(Work to complete): Word for word, retype the lines from the one containing "Platinum Gray Metallic" to the one containing "at 541E Marine Parade, Napier South, Napier" below, keeping both end lines and dropping the pictures.

(Entries provided):
____

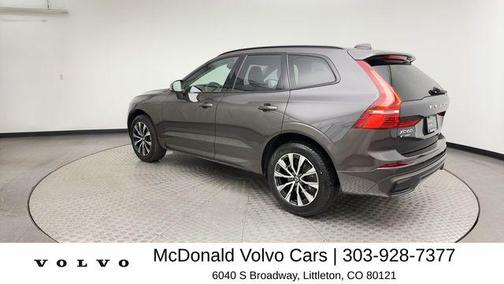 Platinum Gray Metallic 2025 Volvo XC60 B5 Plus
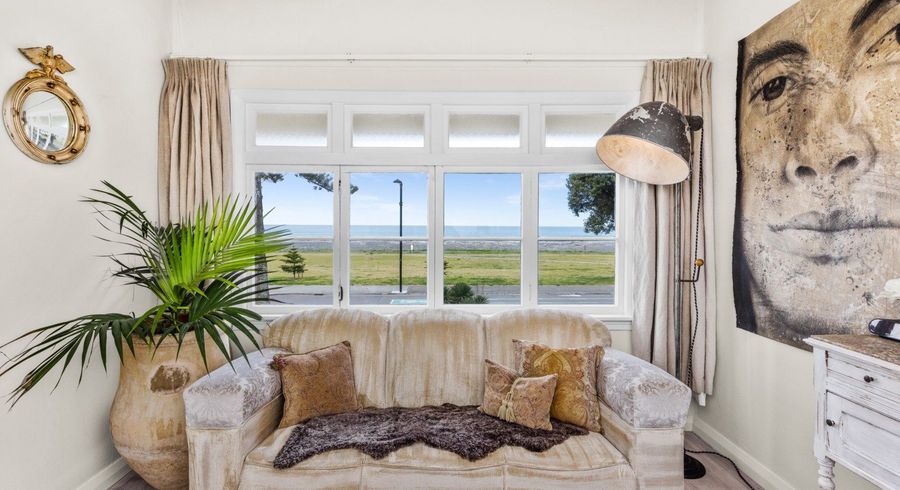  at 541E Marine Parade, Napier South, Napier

____

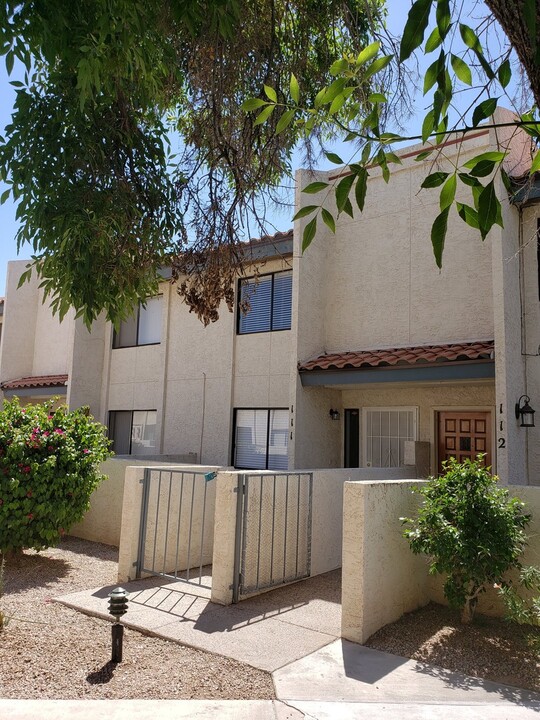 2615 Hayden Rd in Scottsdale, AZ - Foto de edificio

____

(Output):
 Platinum Gray Metallic 2025 Volvo XC60 B5 Plus
  at 541E Marine Parade, Napier South, Napier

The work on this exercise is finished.